Review Article

The Safety of Anticoagulants and Antiplatelet Agents in Patients With Cirrhosis

Jiayi Ma; Naga P. Chalasani; Linus Schwantes-An; Einar Stefán Björnsson


Aliment Pharmacol Ther. 2023;57(1):52-71. 

In This Article

Abstract and Introduction


Patients with cirrhosis were long thought to be coagulopathic. However, this paradigm has changed in recent years and currently, cirrhosis is recognised as a prothrombotic state. Due to the increasing incidence of cirrhosis from nonalcoholic steatohepatitis which is closely associated with cardiac disease, patients with cirrhosis increasingly require therapy with anticoagulants and antiplatelet agents. However, their potential for causing catastrophic and life-threatening bleeding in patients with cirrhosis leads to hesitancy about their use in patients with cirrhosis. Overall, traditional anticoagulation is safe for all Child-Pugh classes while newer direct oral anticoagulants (DOACs) are mostly safe in Child-Pugh class A/B and contraindicated in severe hepatic impairment. For different indications, published data to date suggest that anticoagulation is overall safe for patients with cirrhosis who have venous thromboembolism, atrial fibrillation and portal vein thrombosis, and does not increase the risk of variceal bleeding. Moreover, DOACs appear to have similar safety profiles as traditional anticoagulants. Finally, most studies suggest that antiplatelet agents are also safe to use in patients with cirrhosis although they are mostly contraindicated in severe hepatic impairment. For both anticoagulants and antiplatelet agents, severe thrombocytopaenia presents a relative contraindication to their use. More prospective trials and large cohort studies are needed to advance our understanding of the safety and nuances of DOACs and antiplatelet agents in patients with advanced cirrhosis.


The alterations in the coagulation of patients with chronic liver disease and cirrhosis are complex. In early literature, these patients were considered auto-anticoagulated due to their prolonged prothrombin time, elevated International Normalised Ratio (INR) and thrombocytopenia. However, in recent years, the paradigm of haemostasis in cirrhosis has undergone many changes. Currently, cirrhosis is no longer considered just a state of coagulopathy, but also a prothrombotic state. In fact, studies have shown that patients with chronic liver disease and particularly those with cirrhosis are prone to develop thrombotic complications such as venous thromboembolism (VTE)[1] and portal vein thrombosis (PVT).[2] Furthermore, with the recent increase in the incidence and prevalence of nonalcoholic steatohepatitis (NASH) and its associated metabolic risk factors, many patients with cirrhosis develop atrial fibrillation (AF).[3] Thus, many patients with chronic liver disease and cirrhosis have important indications for anticoagulation.

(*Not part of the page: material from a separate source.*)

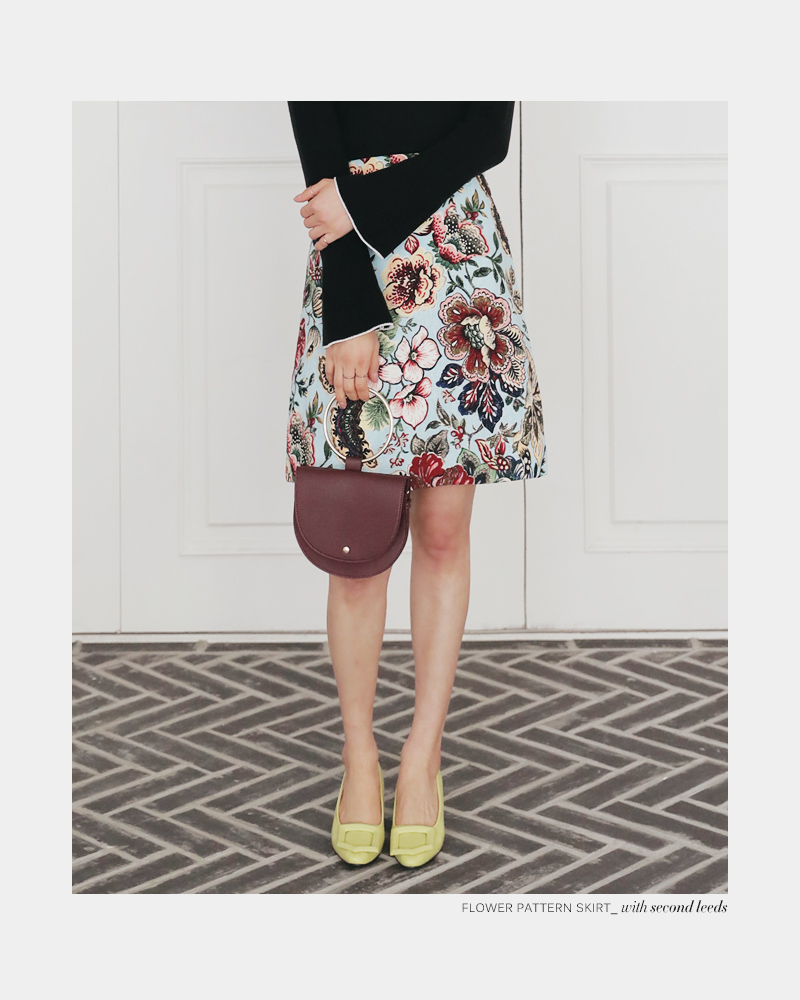バックゴムフローラルパターンAラインスカート・全3色 | DHOLIC PLUS | 詳細画像2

Similarly, antiplatelet (AP) medications are more frequently used in patients with cirrhosis. With the increasing prevalence of nonalcoholic fatty liver disease (NAFLD) in the general population, the burden of cardiovascular comorbidities is also increasing in patients with chronic liver disease.[4] Whilst patients with cirrhosis were initially thought to be protected from coronary artery disease (CAD), recent studies have shown that patients with cirrhosis have a higher prevalence of CAD versus the general population.[5] In fact, underlying CAD is a major contributor to morbidity and mortality of liver transplant recipients.[6]

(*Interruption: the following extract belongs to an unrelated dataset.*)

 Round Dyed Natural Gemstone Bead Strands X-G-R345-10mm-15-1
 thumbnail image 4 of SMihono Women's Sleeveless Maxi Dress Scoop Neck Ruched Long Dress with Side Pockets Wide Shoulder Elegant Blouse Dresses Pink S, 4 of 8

However, the potential for causing catastrophic and life-threatening bleeding in patients with cirrhosis leads to hesitancy about using anticoagulants including DOACs and AP agents in this population. Thus, it is of major importance to assess the safety profile of these drugs in patients who otherwise have appropriate clinical indications for these classes of medicines. In the following sections, we review current prescribing recommendations for different classes of anticoagulants and APs with a focus on hepatic impairment. The Child-Pugh score uses a combination of biochemical and clinical data to assess the severity of liver disease summarised as class A, B and C representing mild, moderate and severe hepatic impairment, respectively. We will also review the literature evaluating the safety of anticoagulants and AP agents in patients with cirrhosis for different clinical indications.